Toledo — wo sich mittelalterliche Kulturen auf faszinierende Weise begegnen

Toledo — wo sich mittelalterliche Kulturen auf faszinierende Weise begegnen

VON EINEM ERWACHET!-MITARBEITER IN SPANIEN

MITTEN auf der Iberischen Halbinsel liegt ein Bergvorsprung aus Granit, der auf drei Seiten vom Río Tajo geschützt ist. Der Fluss hat sich hier über Jahrhunderte hinweg eine tiefe Schlucht gegraben. Auf dem strategisch günstig gelegenen Vorsprung entstand schließlich die Stadt Toledo — ein Name, der mittlerweile zum Synonym für Spanien und die spanische Kultur geworden ist.

Bei einem Rundgang durch die engen, verwinkelten Gassen der Altstadt Toledos fühlt man sich unwillkürlich ins Mittelalter zurückversetzt. Die Tore, Burgen und Brücken der Stadt haben ihr mittelalterliches Flair behalten und sind stumme Zeugen einer Zeit, als Toledo zu den bedeutendsten Städten Europas gehörte.

Toledo ist jedoch keine typisch europäische Stadt. Selbst der Bahnhof hat einen orientalischen Touch.
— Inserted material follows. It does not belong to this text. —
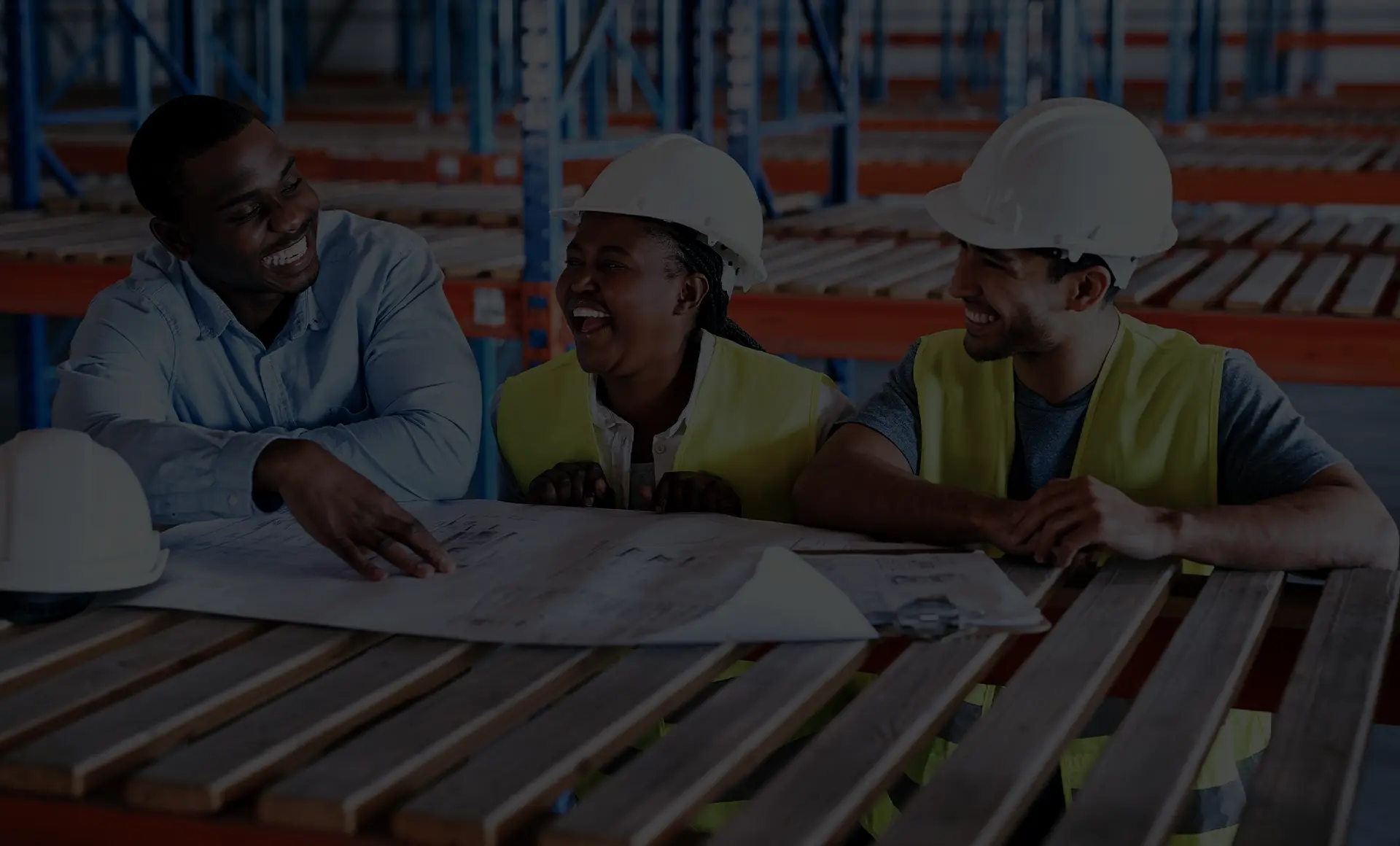Team smiling in warehouse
Schaut man sich die Bauwerke und das Kunsthandwerk in der Stadt etwas genauer an, sieht man, dass hier mehrere Kulturen im Laufe der Jahrhunderte ihre Künste entfaltet haben. Zur Zeit ihrer Hochblüte vor rund 700 Jahren war die Stadt in der Tat ein Schmelztiegel mittelalterlicher Kulturen.

Gemischte Kulturen

Bevor die Römer nach Spanien kamen, hatten bereits die Keltiberer eine Stadt an dieser strategisch wichtigen Stelle errichtet. Die Römer nannten sie Toletum (von tollitum: in die Höhe gehoben) und machten sie zu einer ihrer Provinzhauptstädte. Der römische Geschichtsschreiber Livius schrieb über Toledo, sie sei „eine nur kleine Stadt, aber an einer geschützten Stelle“. Als das Römische Reich zerfiel und die Westgoten Spanien einnahmen, machten auch sie Toledo zu ihrer Hauptstadt. Hier lehnte König Rekkared im 6. Jahrhundert den Arianismus ab und ebnete so den Weg dafür, dass Spanien eine Hochburg des Katholizismus wurde und Toledo Sitz des Primas von Spanien.
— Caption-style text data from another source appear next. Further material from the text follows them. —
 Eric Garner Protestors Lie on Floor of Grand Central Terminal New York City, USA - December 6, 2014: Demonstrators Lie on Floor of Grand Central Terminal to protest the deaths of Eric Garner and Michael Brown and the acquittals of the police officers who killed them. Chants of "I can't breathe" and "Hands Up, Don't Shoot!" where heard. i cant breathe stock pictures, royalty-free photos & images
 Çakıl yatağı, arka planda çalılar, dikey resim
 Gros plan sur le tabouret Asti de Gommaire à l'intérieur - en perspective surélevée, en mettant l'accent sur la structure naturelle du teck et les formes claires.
Das religiöse Leben veränderte sich, als Toledo vom 8. bis 11. Jahrhundert unter das muslimische Kalifat zu stehen kam. Aus dieser Zeit stammen die engen Gassen im alten Stadtkern. Dank der toleranten Mauren gab es in Toledo eine friedliche Koexistenz von christlichen, jüdischen und muslimischen Kulturen. 1085 bezwang schließlich Alfons VI. (ein katholischer König) die Stadt. Dennoch blieben die verschiedenen Kulturen etliche Jahrhunderte nebeneinander bestehen.
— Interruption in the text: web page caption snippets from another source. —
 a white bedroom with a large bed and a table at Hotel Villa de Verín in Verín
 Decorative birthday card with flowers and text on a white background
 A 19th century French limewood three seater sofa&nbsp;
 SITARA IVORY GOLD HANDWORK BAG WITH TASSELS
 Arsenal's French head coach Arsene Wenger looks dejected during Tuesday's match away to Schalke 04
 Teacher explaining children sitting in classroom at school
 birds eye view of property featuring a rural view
Viele der imposantesten Bauwerke von Toledo stammen aus dem Mittelalter. Die katholischen Herrscher machten die Stadt zu ihrer Hauptstadt, die jüdischen Bürger brachten die Handwerkskunst und den Handel zum Blühen, und die maurischen Kunsthandwerker brachten ihre Talente in die Baukunst ein. In der Übersetzerschule von Toledo arbeiteten Gelehrte aller drei Glaubensrichtungen zusammen. Sie übertrugen im 12. und 13. Jahrhundert zahllose Werke der Antike ins Lateinische und Spanische. Ihrer Arbeit ist es auch zu verdanken, dass das Abendland Zugang zu dem großen Wissensschatz der arabischen Welt bekam.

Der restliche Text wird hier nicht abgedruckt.